Hi, this is my first post, I decided to register here because I've been reading some of the post and I've found a great a community. This is my situation. I'm 19 years old, I have never had sexual intercourse, when I started to get interested in women (17 years), sacred sex information came to me by a cousin, I started to assist to a place where people meet and talk about the awakening of conciuosness under the teachings of Samel Aun Weor. You must know that Samael's Gnosis is highly radical. I became in part of that group and started to practice some exercies for sexual transmutation (pranayama, derviches, breathing exercies bassically). Then, it was a couple of weeks when I experienced wet dreams frecuently. I felt so frustrated because the other people there hadn't that problem. They told me that I needed to learn how to control my own energy before having sexual intercourse with a women, they tended to remark and make enphasis in avoid fornication and pregnancy. After a year I left that group, tired of radicalism and fanatism. A few months ago I masturbated for my first time (believe me) maybe I did it in my infancy but I didn't reached orgasm that time, so that was the first time I tasted orgasm. Since that moment, I've been doing it about one or two times per week, I still practice sexual transmutatation some times, and I still have wet dreams (not so frecuently). I've been tempted to watch pornography, and I've fallen a couple of times.

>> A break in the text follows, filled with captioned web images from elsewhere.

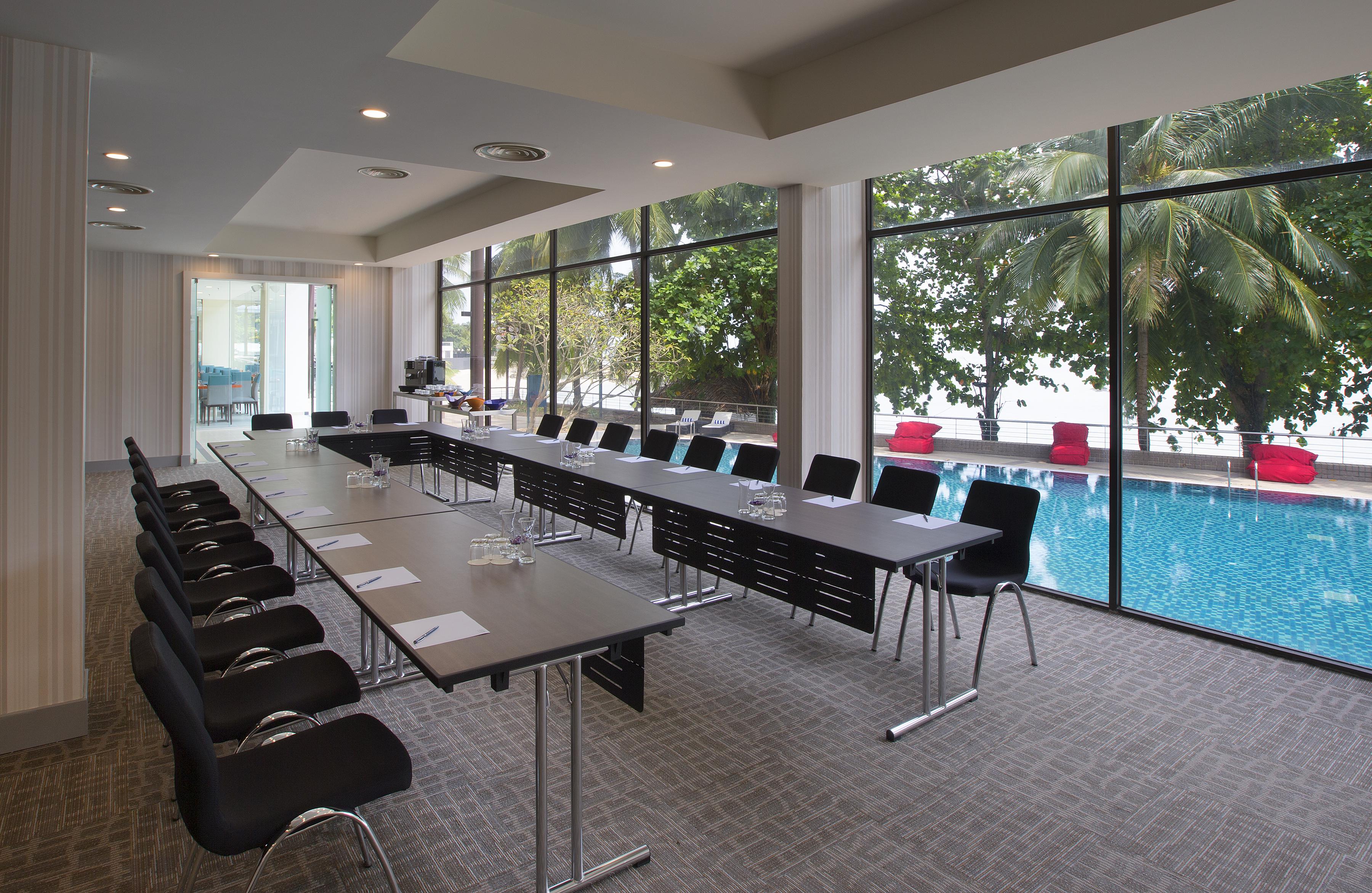 Mercure Penang Beach Tanjung Bungah  Zewnętrze zdjęcie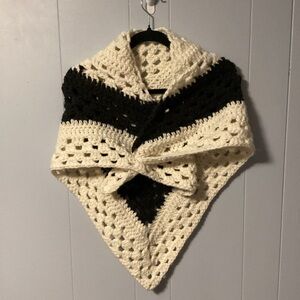🦌NEW Handmade Knit White & black shawl/shoulder scarf…Very warm & soft🤶🏼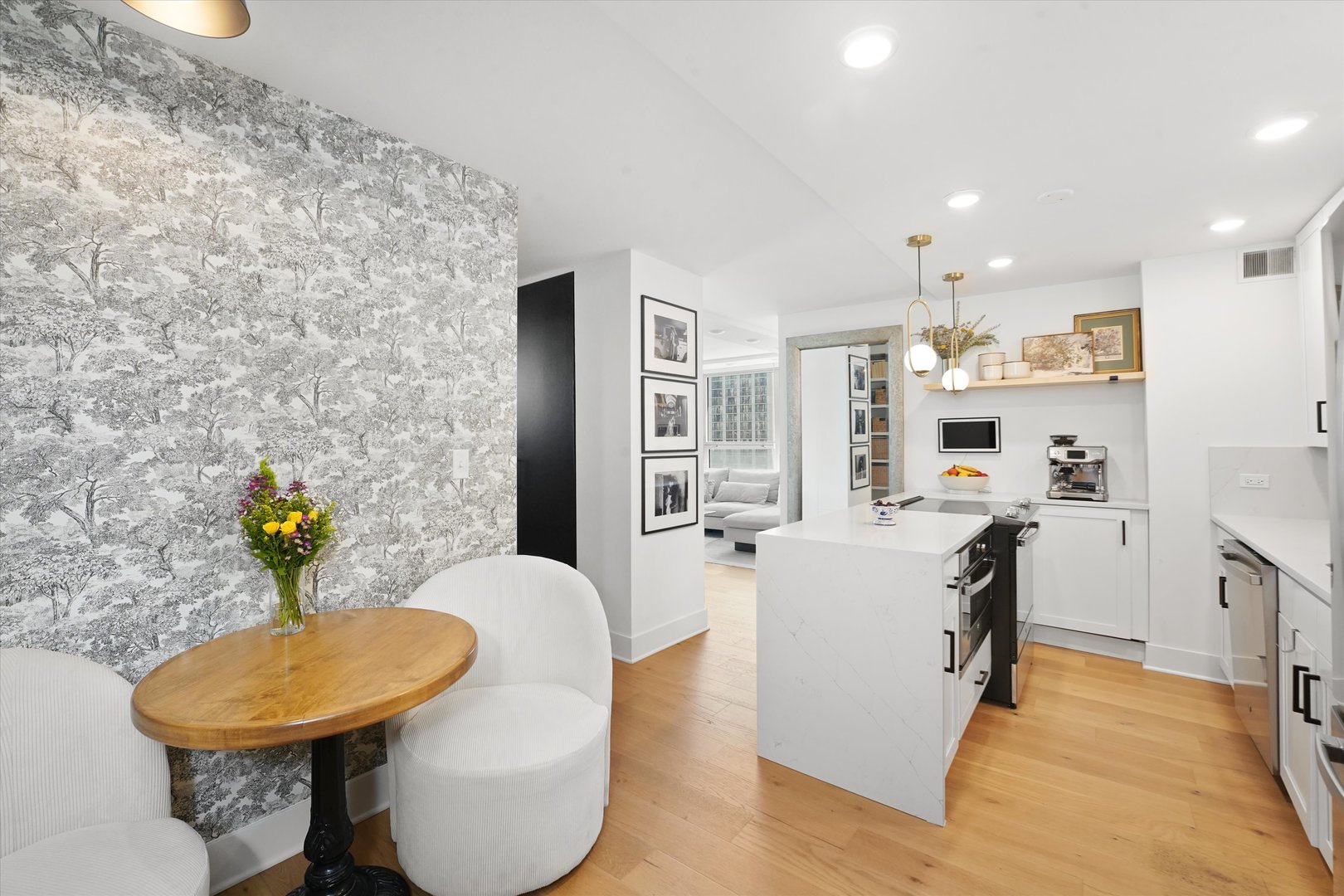 88 W Schiller Street Unit: 1001L
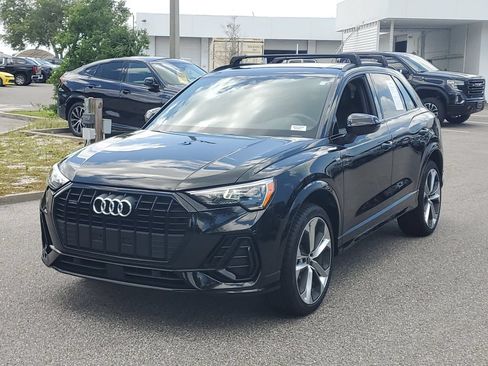 Used 2021 Audi Q3 2.0T Premium w/ Convenience Package AWD/4WD image 3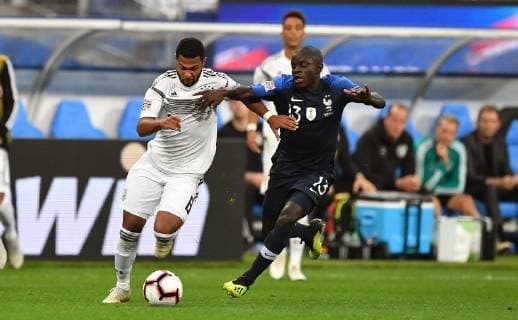 Serge Gnabry (Deutschland), im Zweikampf mit N Golo Kante (Frankreich), Frankreich-Deutschland France-Germany UEFA Nations Cup Nationalmannschaft, DFB, 2018, Fußball, Fussball, soccer, Herren, Deutschland, Germany, Frankreich, France Paris, 16.10.2018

I repressed my energy so much in the past, and I want to stop doing that. I want to find sexual maturity, now I'm in a relationship and I dont know how to face sexual intercourse, a part of me is afraid of failure (premature ejaculation, non planned pregnancy).
I've experienced times where I haven't ejaculated, about two or three weeks, and I've felt awesome, I remember the best time, I felt so strong, with so much energy, confident, quiet, and with the courage to go talk to women.
But, most of the time, I'm really nervous, I found myself hand shaking, unable to believe in myself. I want to heal, and to start my sexual life with a woman in a good way, applying the ancient wisdom. I'm aware that ejaculation is a loss of energy and it's not useful in a realtionship, it brings you down in a espiritual process.
I dont want to fall on pornography and compulsive masturbation, I dont want to make bigger the problem.
I 'd like to know your opinnion, any advices?
Sorry about my english, I'm not native.